I am not a poet, and I will never be. But I am fascinated with language, and partly because of its reflection of culture and social practice. Somehow, our language enables us to think, and learning a new language always give your insight into a new way of thinking.

In my opinion, the greatest potential of the Swedish language lies in its ability ot distinguish between the static and change, between positions, destinations, and points of departure. I love the difference between är and blir, har and får. Whereas är and har are static, permanent, stable, unchanging, blir and får is that journey to get there. When I was living in the UK, I shocked my friends when I told them another friend of mine was about to get a child. This mis-use of terms (I learnt later that people have children, also in the process of acquiring them) comes straight from the Swedish får. First you have no children (Jag har inte barn), then you give birth (Jag får barn), and the result is that you have them, on a permanent basis (Jag har barn).

Spatial relations

Consider the difference between hemifrån, hemma, and hem. All words would roughly translate as [home]. Starting with hemifrån, that  is a point of departure, let us consider the following examples: går hemifrån [leaving home], flyttar hemifrån [moving out from your parents’ place], arbetar hemifrån [working from home]. Hemifrån is not the main focus in these sentences, but a place you have already left, with another location in mind.

In contrast, hemma is as stable as anything can get, a fixed position.

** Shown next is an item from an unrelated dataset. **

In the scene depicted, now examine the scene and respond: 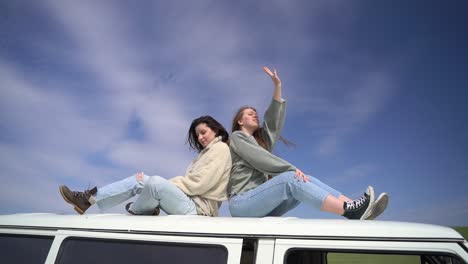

Jag är hemma [I am at home], Borta bra men hemma bäst [home sweet home]. Hem, however, is a destination. Jag går hem nu [I am going home now], vi är på väg hem [we are on our way home], Kom hem! [Come home].

Hemåt, similar but not identical, is a direction. Jag går hemåt [I am going in the direction of my place], suggests that there will be stopovers, improvisation, that this is not a straight path, compared to jag går hem.

Similarly, most adverbs relating to space employ this system.

My favourite here is the last one.

This is, unfortunately very confusing for my students, and I am often very scared when introducing them to this system. Whereas the other adverbs make sense, somehow, fram can be very tricky to conceptualise.

Framifrån - from the front. Passfotot måste tas framifrån, inte i profile [You passport picture is taken from your front, not your profile].

Framme - the position that comes at the very ‘front’ of a long journey. Ring mig när du är framme [Please call me when you are there]. När är vi framme? [When will we be there], the kids are asking from the backseat.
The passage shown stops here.